While it took God no time at all to come up with the atom, it has taken some of the greatest scientists centuries to come up with a model of what the atom could be composed of. And the model we now have as our closest representation is still just that, close, but not complete.
This year I am taking a chemistry class, which has sparked my love and fascination for science to a whole new level of awe. One night I sat in bed doing chemistry homework as my friend from Ohio read beside me. Sophia is her name. I call her Soph out of habit. Soph is amazing. She inspires and challenges me to not just offer a place in my heart to God, but to offer my whole heart and life to Him.

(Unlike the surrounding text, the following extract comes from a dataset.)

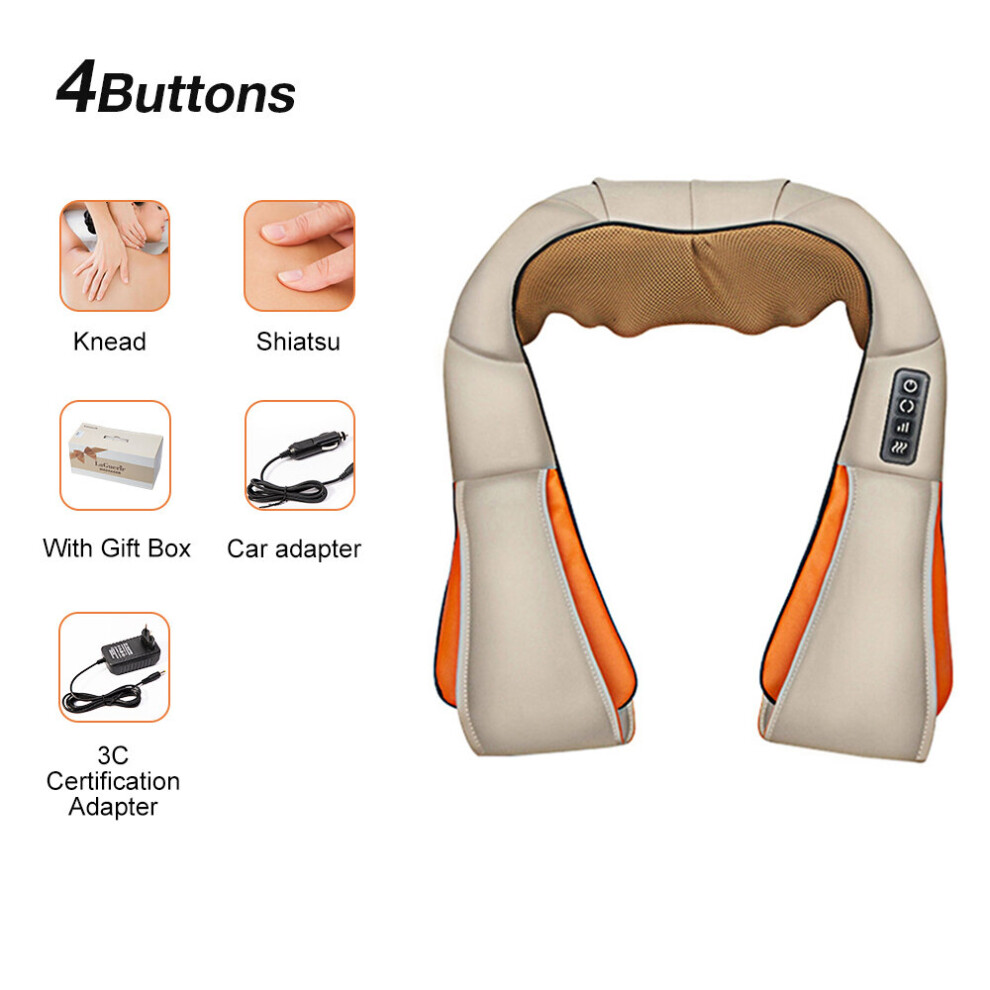 Dechoicelife Beige (A-Four-Button Uk Plug) U Shape Electrical Shiatsu Back Neck Shoulder Body Massager Infrared Heated 4D Kneading Car/Home Massage Shawl Device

As I was drawing molecules—yes molecules. I was stoked!—a thought struck me. “Soph, you know what’s crazy?”
“What?” Soph asked, looking up from her book.
“Everything, not just people, but everything in some way is trying to gain perfection.”
Soph looked at me with curiosity and turned her full attention to me as I tried to explain.
Atoms are made up of three basic parts: the protons, neutrons, and electrons. Of the three, electrons are the most important part as far as chemistry goes. And every atom besides hydrogen has a strong desire for eight specific electrons. Once an atom has eight specific electrons, it is considered perfect and is satisfied.
In this world, perfection is something we all strive for in some way or another. As atoms try to gain eight electrons to be perfect, we might try to lose eight pounds.
“For I know that nothing good dwells within me, that is, in my flesh. I can will what is right, but I cannot perform it. I have the intention and urge to do what is right, but no power to carry it out” (Romans 7:18, AMP).
No, we cannot achieve perfection. And God has not asked us to, not on our own. Adam’s descendants, and the atoms, can only attain perfection by the power of their Savior. As Paul said, we have not the power to carry it out. But then, God does. God has the power and by Him we are made perfect, whole, and washed clean. And on that beautiful day, when I am brought to my Father’s house, He will see His power in me, and not the imperfections and insecurities that I was bound to as a fallen human.